Given my background writing about custom builders and judging bikes at the North American Handmade Bicycle show, I’m often asked not who to pick, but how to pick. (In fact, I’m sometimes asked who to pick, but I always answer how to pick.)

I love the question. It’s one I’ve been fielding for a solid 25 years. Permit me a short story here: I was working for Bicycle Guide in 1997 when a listener got our number somehow and called our offices. They got through to an editorial assistant who yelled to us that there was a reader with a question and would we be willing to answer it? My co-workers shook their heads no and I, the introvert, said, yeah, I’d be happy to talk to him. So the reader says, “I’m going to buy a handbuilt frame. I’ve narrowed it down to either Peter Weigle or Richard Sachs. Who should I order my frame from?” 

I began laughing. 

He got alarmed and asked if he’d screwed up and if there was someone else he should be considering. I finally caught my breath and said, “No, that’s not it at all.” I said, “You have the best dilemma ever; you can’t eff this up. No matter who you choose, you’ll end up with an amazing bike.” 

He lived somewhere in the Mid-Atlantic, but his mom was in New Haven. I told him to schedule a visit with his mom; that would make her happy. Then, make an appointment with Sachs and Weigle to take them to lunch and do that on his visit to her. They lived eight miles apart, and a half hour from New Haven so getting them together would be easy. I said that at worst, he’d have a delightful lunch with two amazing human beings. By the end of the lunch, he’d have an affinity for one of them and that’s the guy he’d buy his bike from. I’m assuming it went well because our offices were never bombed. 

Okay, so buying a custom bike. In order to pick a builder, you have to decide your priorities. To do that, you have to ask yourself some questions. 

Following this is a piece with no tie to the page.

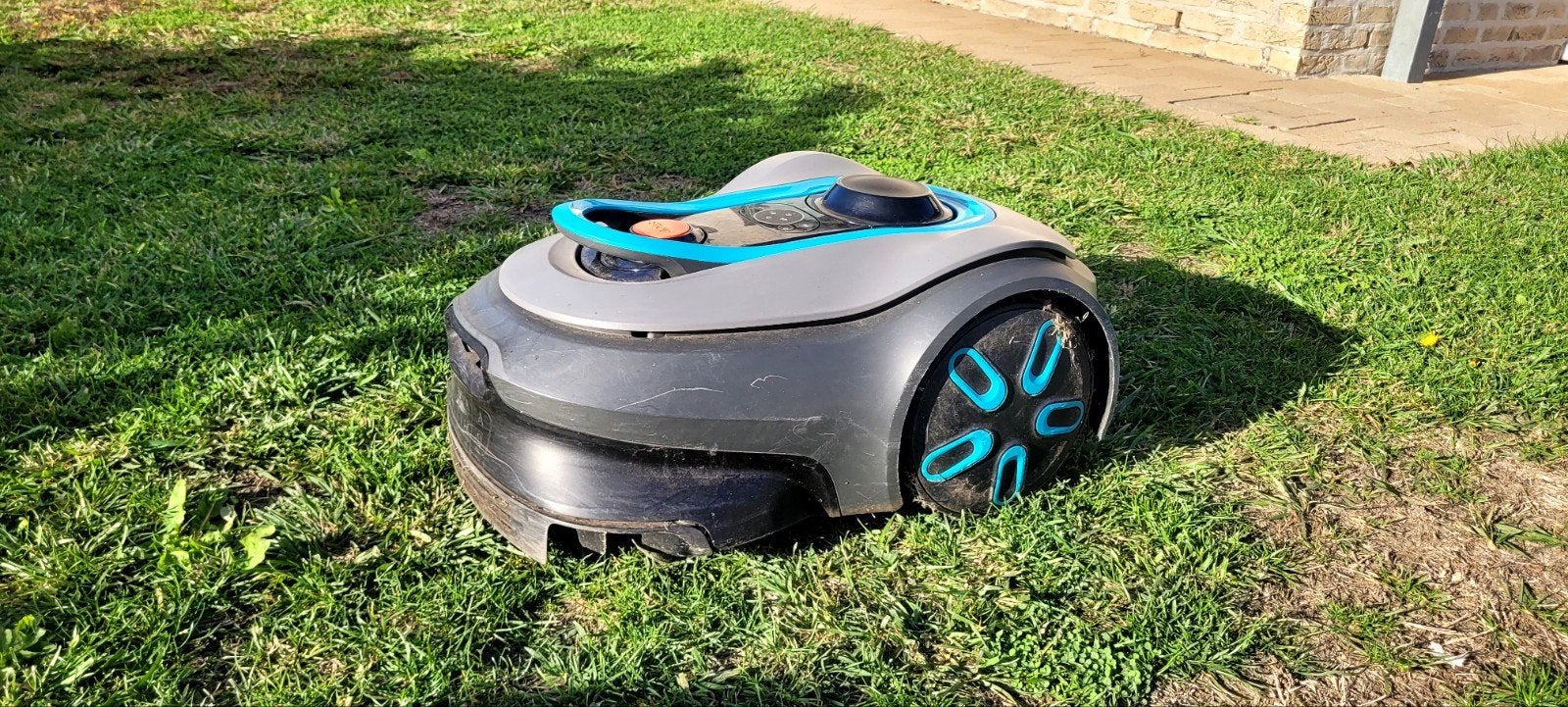 Gardena Sileno free 800, Tuin en Terras, Ophalen, Nieuw, Gardena  smart sileno  free 800, Met regensensor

  1. How much are you willing to spend? Some builders can run more than $5 grand for a frame and fork even before paint. You may need a separate budget for paint.
  2. How long are you willing to wait? Some builders may make you wait a couple of years. 
  3. What sort of a frame do you want? You have to decide on steel vs. titanium vs. aluminum vs. carbon fiber. And with steel you have to decide lugs vs. TIG welding.
  4. What style of bike are you buying? Some builders are known for their gravel bike or their track bikes or their touring bikes. Pick a builder who is already known for making that kind of bike. Don’t ask Richard Sachs to build a full-suspension mountain bike. 
  5. Do you want to be able to work on your fitting face-to-face with the builder? Geography will matter unless you’re willing to make a flight to a place like Boston or Baltimore.
  6. Do you have any unusual fit requirements? For really big riders, I just send them to Lennard Zinn at VeloNews. The Zinn brand is alive and well and he’s had other builders building for him under contract. Lennard knows more about how to make a big bike stiff enough and handle well than any other three builders combined. 
  7. Finally, do you want a really incredible paint job? Fancy paint is never included, so that *will* require a separate budget. 

Now, I’ve given these priorities in a particular order. Everyone should shuffle these priorities as befits their needs. One person may want their frame ASAP, while another may want titanium, but isn’t sure whether to talk to Seven, No. 22, etc. Someone may be pinching every penny. Your priorities are your priorities and any good builder will be cool with your priorities. If someone questions your priorities … next!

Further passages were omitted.